(Review) Pictopix

“If you’ve played one, you’ve played them all” is something someone could say about almost any puzzle game be it Tetris or Alleyway. I would say that Nonogram or Picross games would be in that same category. Does that mean that people can’t put a new spin on a classic formula? No it does not. While there isn’t much new added to the Picross formula here in Pictopix, does it still warrant a look? Yes, I believe it does. Let me break it down for you.

This puzzle had me for so long, but eventually I got it. I was mostly through the 15×15’s before I could do it. Darn you logic not working for me!

If you’re not familiar with what a Picross game is, it’s basically coloring with logic and math! (Even with an exclamation mark, it’s hard to make that sound exciting.) You’ll be looking at the numbers along two sides of a grid and you have to decide which squares to fill in and which to leave blank in order to solve the puzzle. Sometimes there’s a picture and sometimes it’s just a fun looking symbol and sometimes the creator is just making a fun pattern for the fun of it. The patterns range in size from 5×5 to 40×40 which I honestly haven’t done before. I’ve not done anything larger than a 25×25 so Pictopix has a bit more options to keep the love for Picross puzzle-love’n going for a while.

To make your own puzzle, you’ll paint your picture with all of the color options available and then you’ll paint the puzzle on top of your imagine. I assume that you’d want to follow some form of pattern, but I guess you could just pick random squares as to not help other players out. That may be rude though.

Some of the flair that Tomlab Games adds in Pictopix are things that are common in others, but done a little better here. The puzzles, when solved, end up being actual pictures of items done in color. It’s a small thing, but it’s not a Pico8 image, it’s decent pixel art with shading. There is also the ability to use your own creativity (or someone else’s…) and create and share your puzzles.
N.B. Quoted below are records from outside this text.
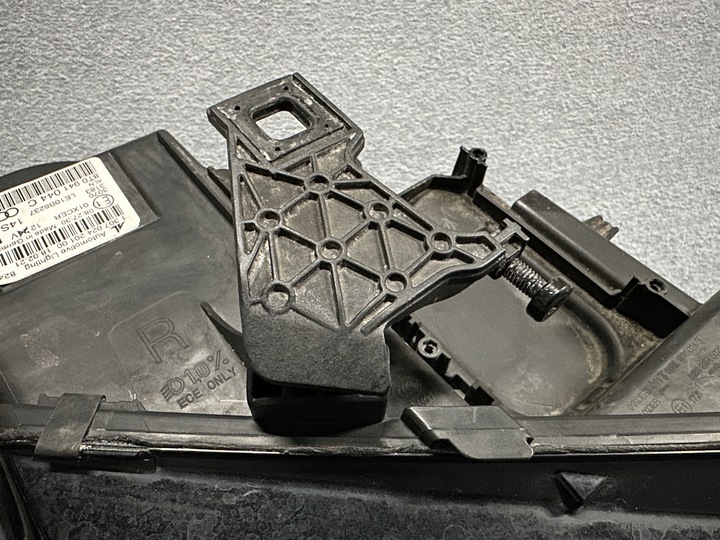 фото №10, Лампа audi a5 8t рестайлинг ксенон нет поворотный led правая оригинал 8t0941044c eu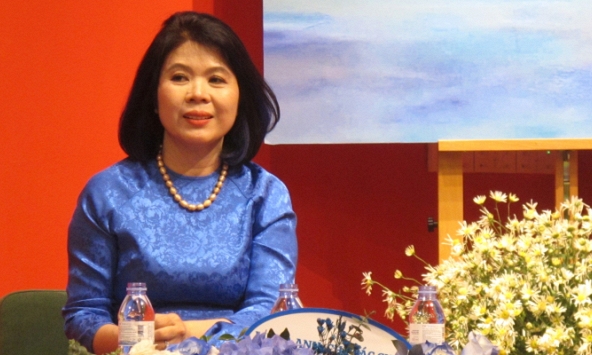 Nữ nhà văn, nhà báo, họa sĩ Như Bình với niềm vui 3 trong 1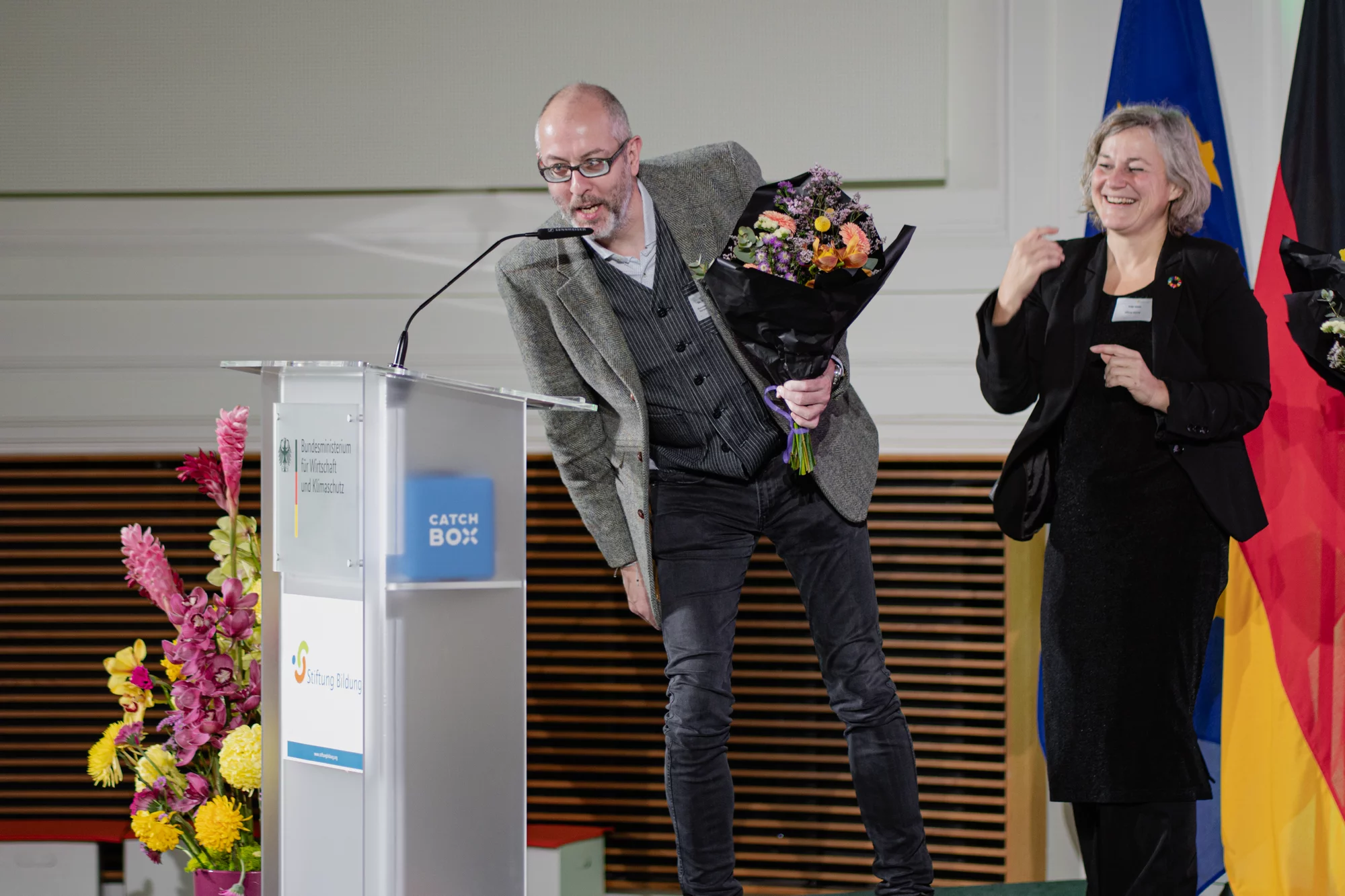 Dr. Christoph Steegmans bei seiner Ansprache zu den Förderpreisen der Stiftung Bildung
There’s also a plethora of other Picross puzzles to potentially pick and play. (There is crap ton… the more the merrier though eh?) I can’t remember how filling in is done in other games, but Pictopix utilizes the left click for filling in squares and right-click for plopping X’s down and it’s a very smooth experience that really stood out in my mind. I’m not honestly sure how, but it felt great. However, the best thing about Pictopix has to be the music. It’s a nice jazzy set that, admittedly does get repetitive when I’m stuck on a puzzle, but when you’re working through them creates a very calming atmosphere. You can turn it up/down/off so it’s not really an issue, but it’s some of the best music in a Picross game I’ve heard.

I love a good Picross game and Pictopix does not disappoint. Pictopix is simple since it’s a puzzle game, but with all of the little differences (the music, the color, the ability to use color while creating a puzzle), it is my new favorite Picross game on Steam. There are plenty of puzzles to keep you busy and with players making more, you’ll get your money’s worth easily. If this type of game intrigues you or if Picross games are your jam, Pictopix is a no-brainer.